• _Stored data_

╔══

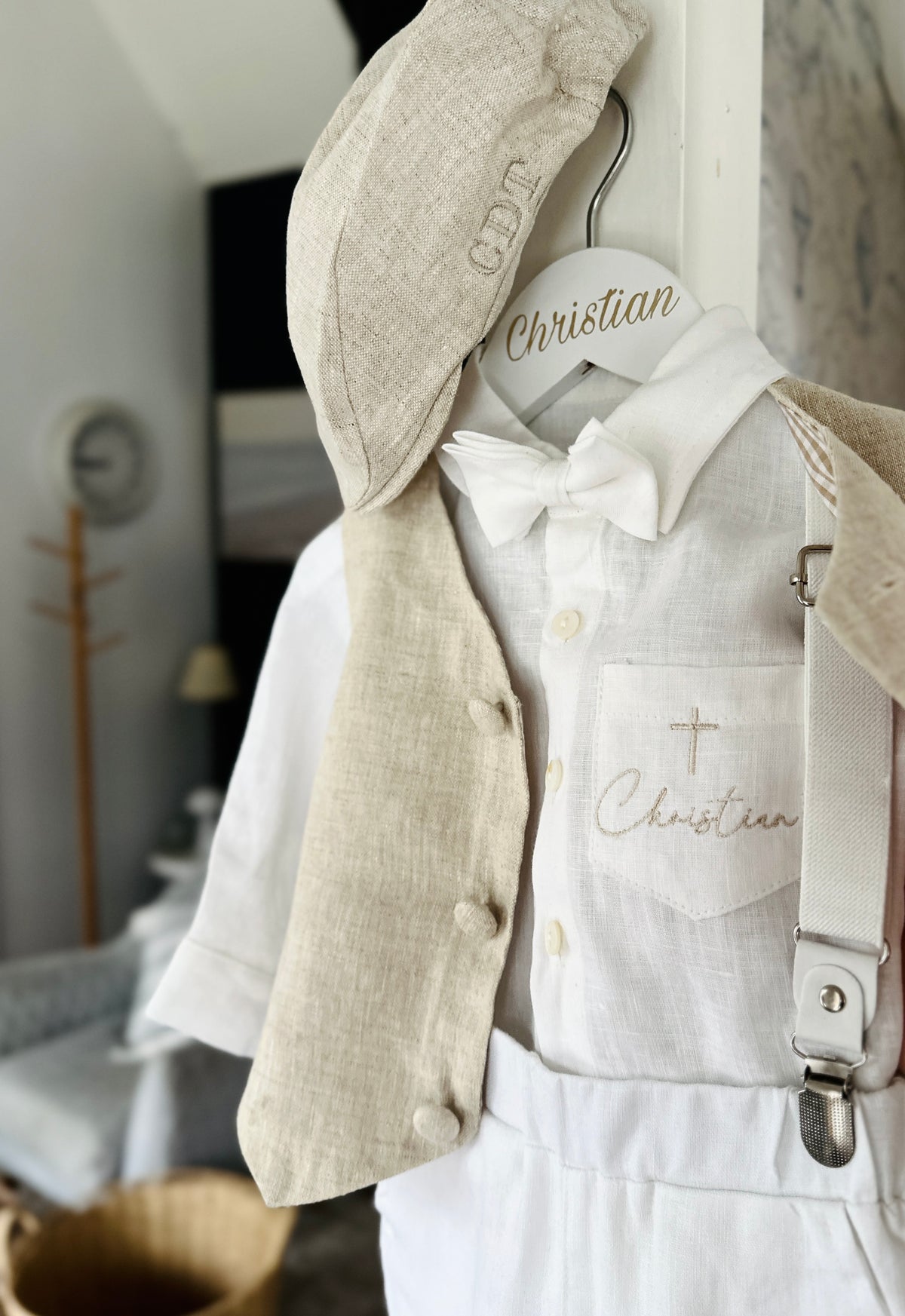 White and Beige Linen set with vest, shirt, pants, suspenders and bowtie plus optional jacket, cap and shoes
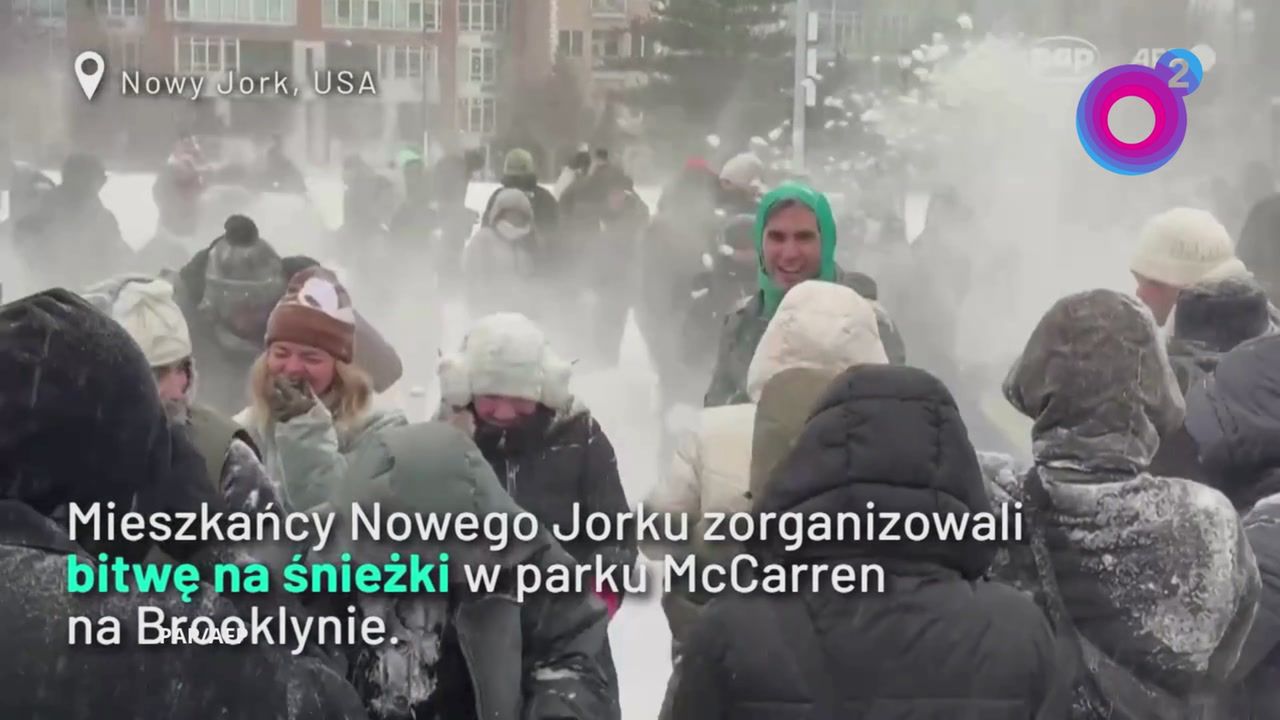 Zimowe szaleństwo w Nowym Jorku. Mieszkańcy zorganizowali bitwę na śnieżki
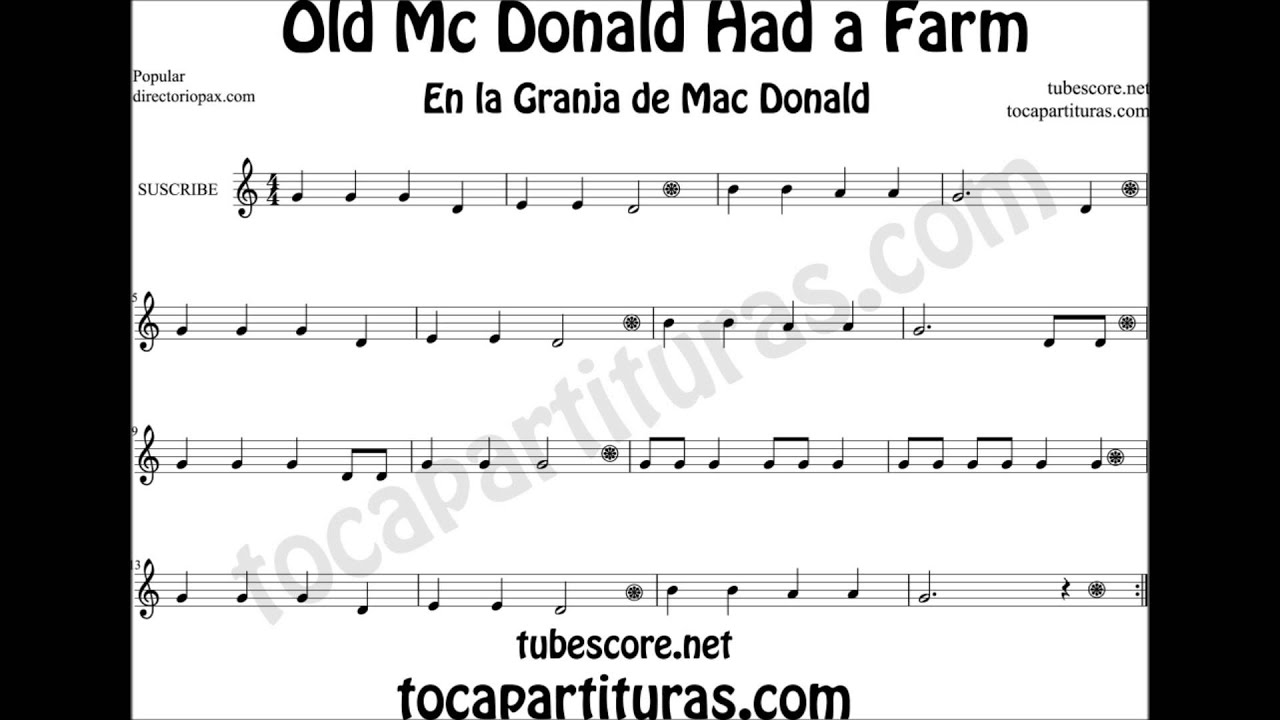 Old Mc Donald Had a Farm Sheet Music for Flute Violin Sax Trumpet Clarinet Trombone Soprano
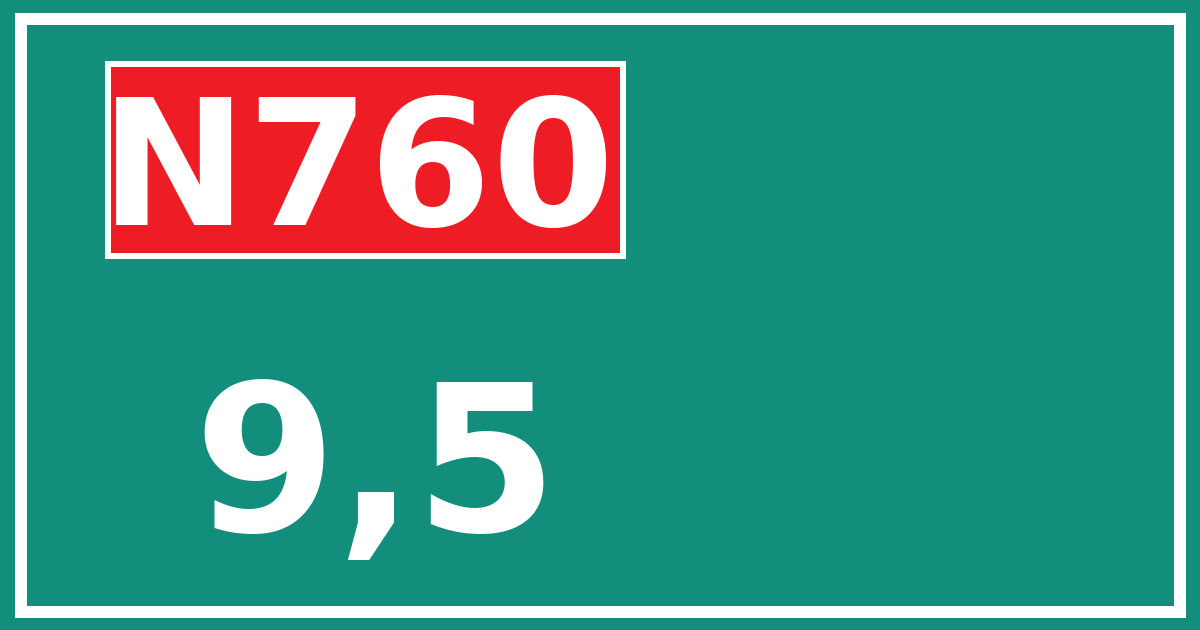 Hectometerbord N760 9,5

╚══

Omit all images when repeating the data above exactly.

• _Response area_
 White and Beige Linen set with vest, shirt, pants, suspenders and bowtie plus optional jacket, cap and shoes
 Zimowe szaleństwo w Nowym Jorku. Mieszkańcy zorganizowali bitwę na śnieżki
 Old Mc Donald Had a Farm Sheet Music for Flute Violin Sax Trumpet Clarinet Trombone Soprano
 Hectometerbord N760 9,5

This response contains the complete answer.